■ Task prompt ■
Could you retype exactly the line containing "GTA 5 Mods - THE" and every line after it in the data below, leaving out the pictures?

■ Data excerpts ■
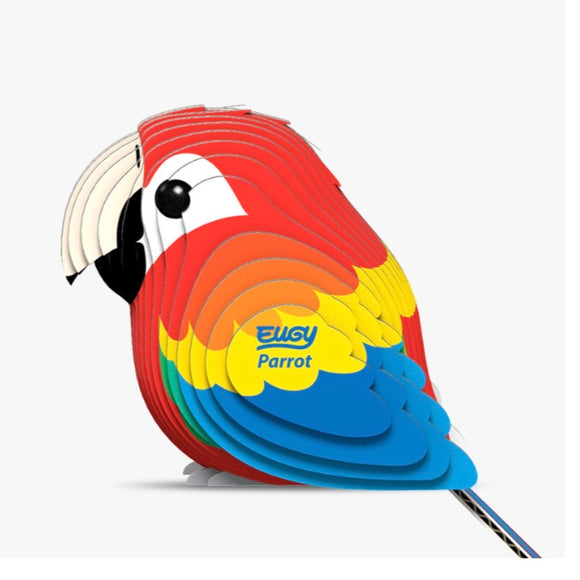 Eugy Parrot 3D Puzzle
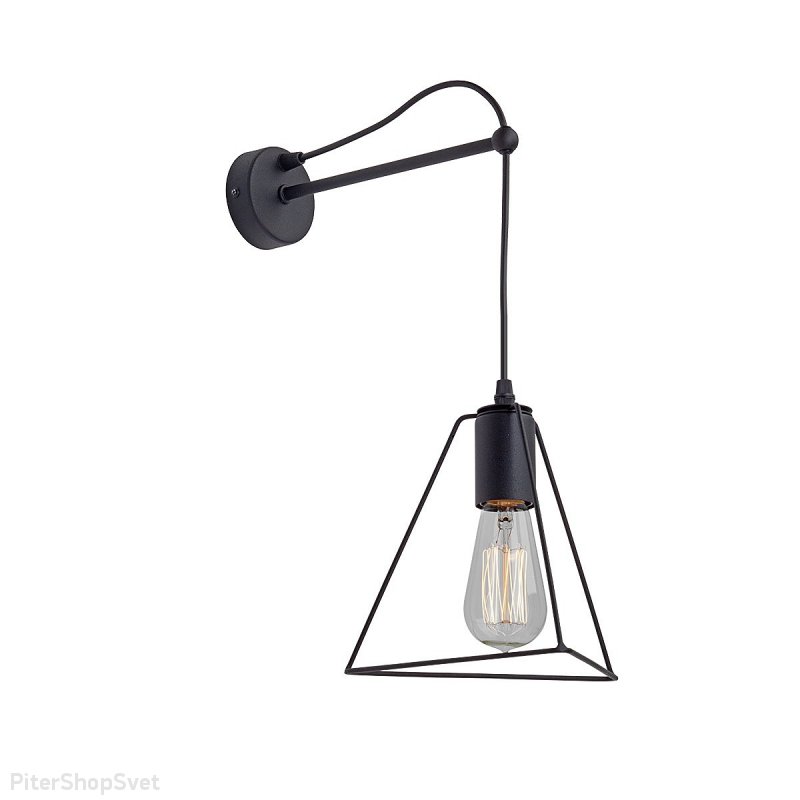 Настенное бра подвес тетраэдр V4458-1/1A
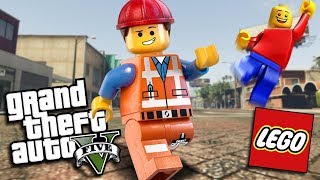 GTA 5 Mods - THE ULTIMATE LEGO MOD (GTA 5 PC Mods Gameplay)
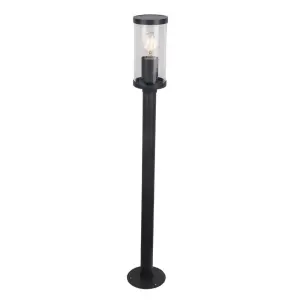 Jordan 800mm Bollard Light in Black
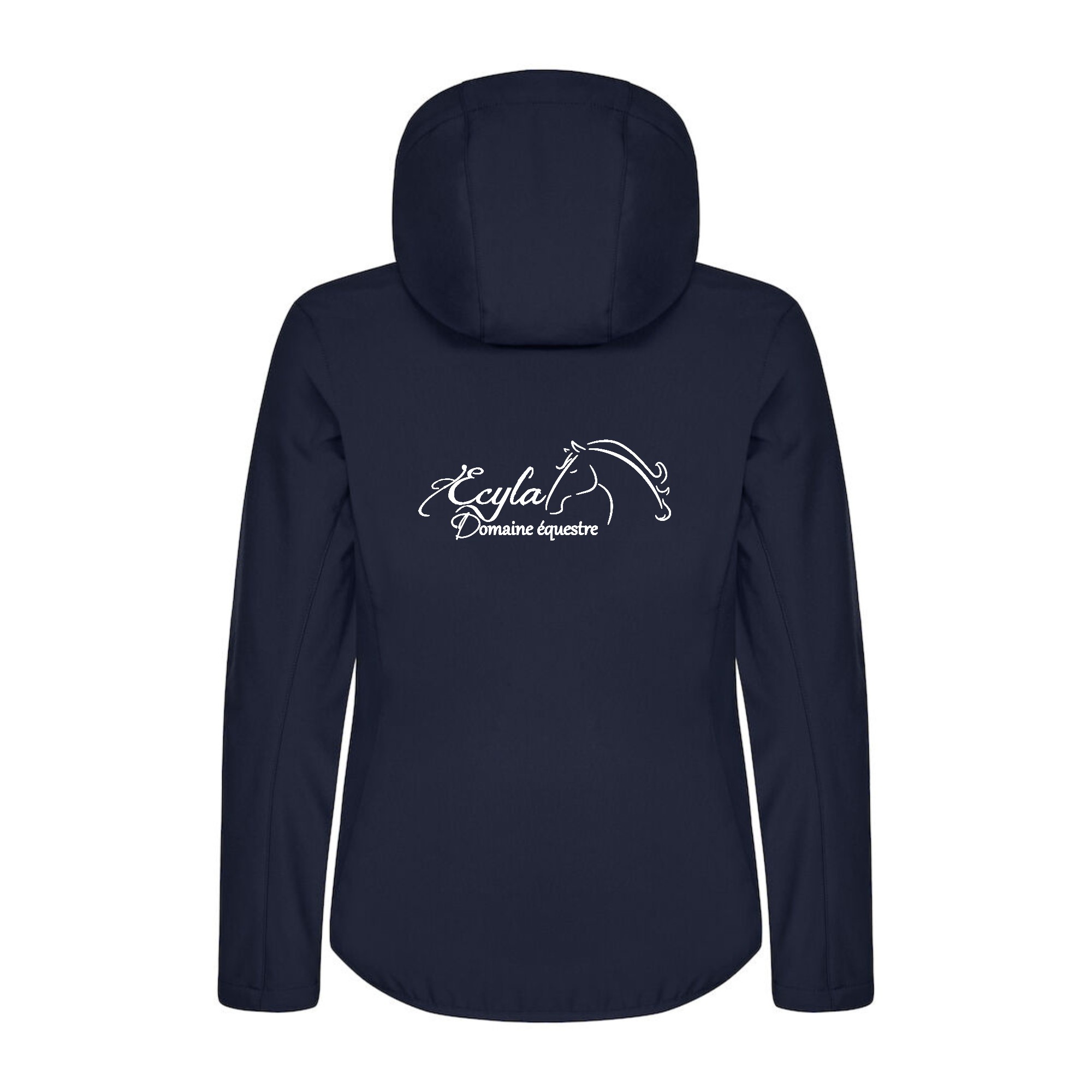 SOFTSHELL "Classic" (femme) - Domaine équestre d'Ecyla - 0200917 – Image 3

■ Response to the exercise ■
 GTA 5 Mods - THE ULTIMATE LEGO MOD (GTA 5 PC Mods Gameplay)
 Jordan 800mm Bollard Light in Black
 SOFTSHELL "Classic" (femme) - Domaine équestre d'Ecyla - 0200917 – Image 3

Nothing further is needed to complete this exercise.